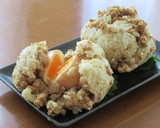 半熟味玉がとろ～豚ひき肉しぐれ煮おにぎり作り方7写真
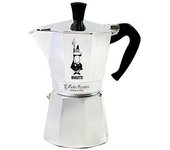 Bialetti Moka Express Cafetera italiana 0,3 L Aluminio, Negro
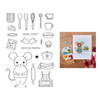 Hero Arts Clear Stamps 4"X6"-What's Cookin'? 5A0032KY-1H49L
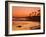 Sunset at Corona Del Mar Beach, Newport Beach, Orange County, California, United States of America,-Richard Cummins-Framed Photographic Print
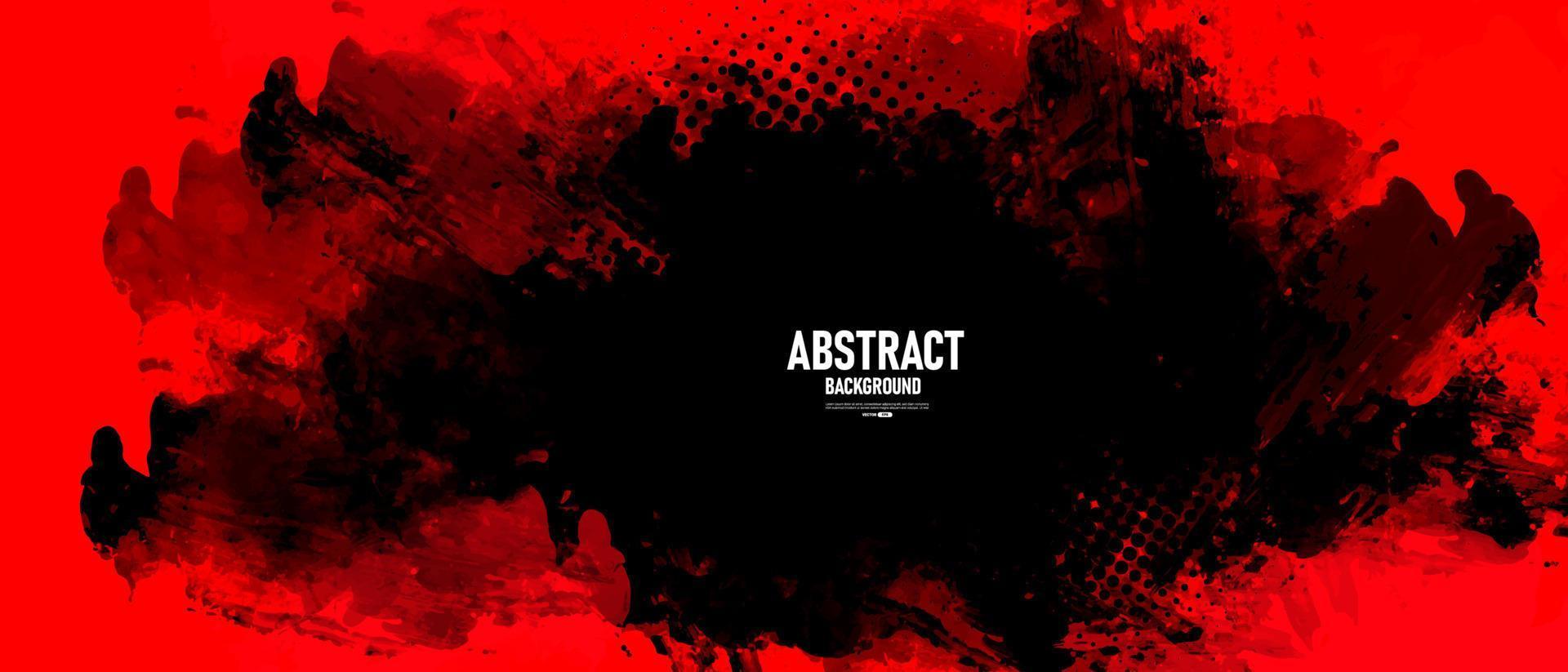 Black and red dirty grunge texture background vector
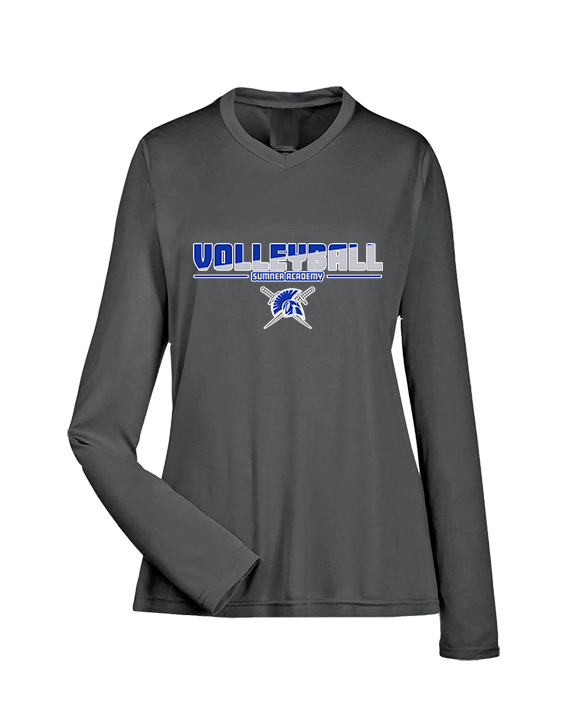 Sumner Academy Volleyball Cut - Womens Performance Longsleeve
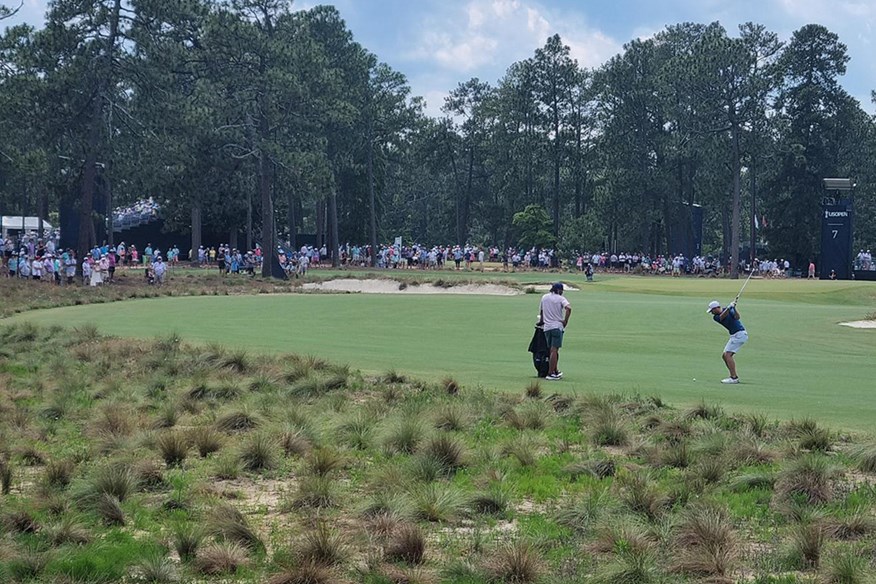 Pinehurst No.2's fairways are typically wider than many US Open courses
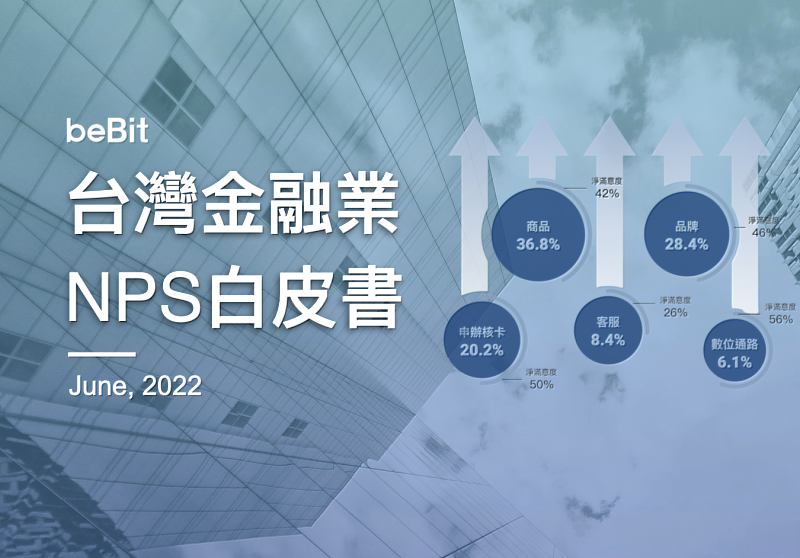 beBit 發布 2022 《台灣金融業 NPS 白皮書》為金融產業提供顧客體驗及公平待客策略依據
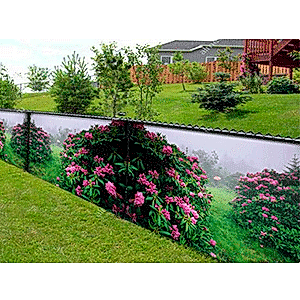 Ограждения из баннерной сетки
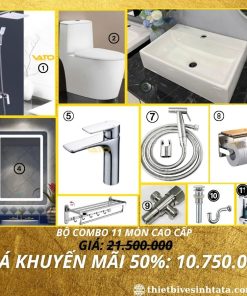 Combo Giá Rẻ Trọn Bộ 11 Món Thiết Bị Vệ Sinh CB38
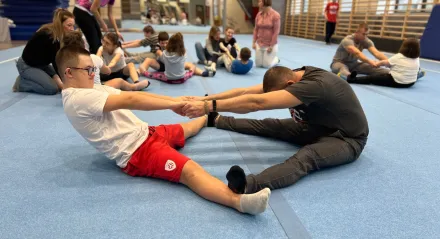 Moje Pierwsze spotkanie z Akorbatyką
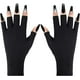 thumbnail image 5 of Nail Art UV Gloves, Breathable Fingerless Manicures UV Lamp Gloves Black Prevent Darkening for Home Use, 5 of 5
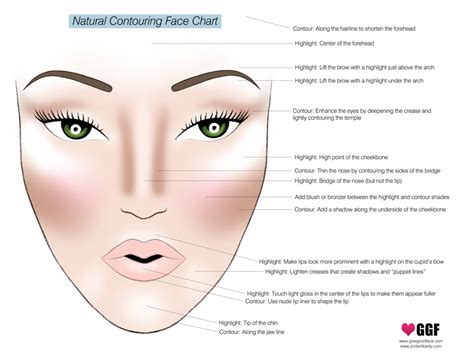 Helpful Face Contouring Chart Contour Makeup Makeup Contouring Face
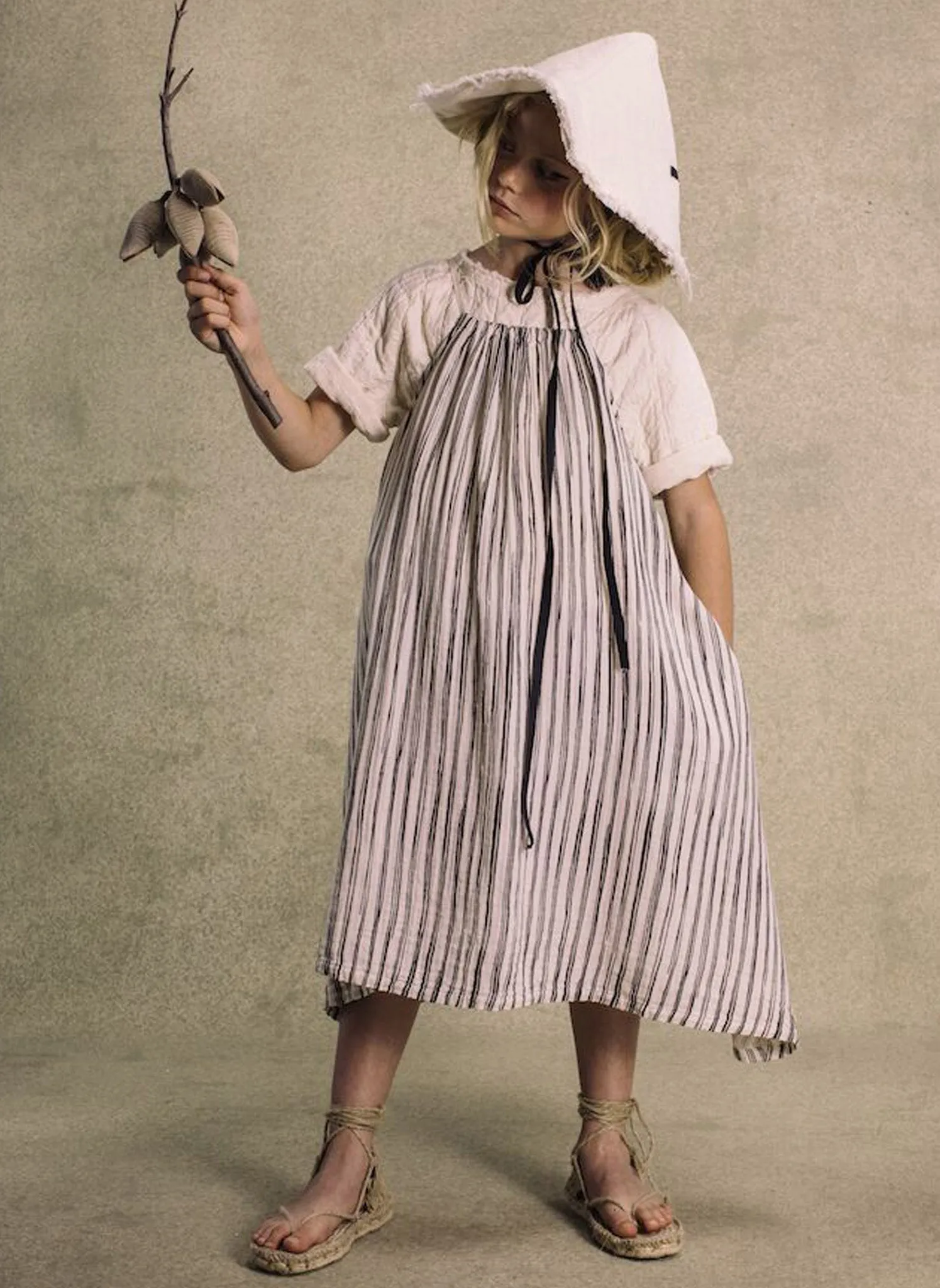 Little Creative Factory Bamboo Striped Apron Dress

________________________________________

Your objective: Write the records above out again word for word, skipping each picture.

Solution for this problem:
 半熟味玉がとろ～豚ひき肉しぐれ煮おにぎり作り方7写真
 Bialetti Moka Express Cafetera italiana 0,3 L Aluminio, Negro
 Hero Arts Clear Stamps 4"X6"-What's Cookin'? 5A0032KY-1H49L
 Sunset at Corona Del Mar Beach, Newport Beach, Orange County, California, United States of America,-Richard Cummins-Framed Photographic Print
 Black and red dirty grunge texture background vector
 Sumner Academy Volleyball Cut - Womens Performance Longsleeve
 Pinehurst No.2's fairways are typically wider than many US Open courses
 beBit 發布 2022 《台灣金融業 NPS 白皮書》為金融產業提供顧客體驗及公平待客策略依據
 Ограждения из баннерной сетки
 Combo Giá Rẻ Trọn Bộ 11 Món Thiết Bị Vệ Sinh CB38
 Moje Pierwsze spotkanie z Akorbatyką
 thumbnail image 5 of Nail Art UV Gloves, Breathable Fingerless Manicures UV Lamp Gloves Black Prevent Darkening for Home Use, 5 of 5
 Helpful Face Contouring Chart Contour Makeup Makeup Contouring Face
 Little Creative Factory Bamboo Striped Apron Dress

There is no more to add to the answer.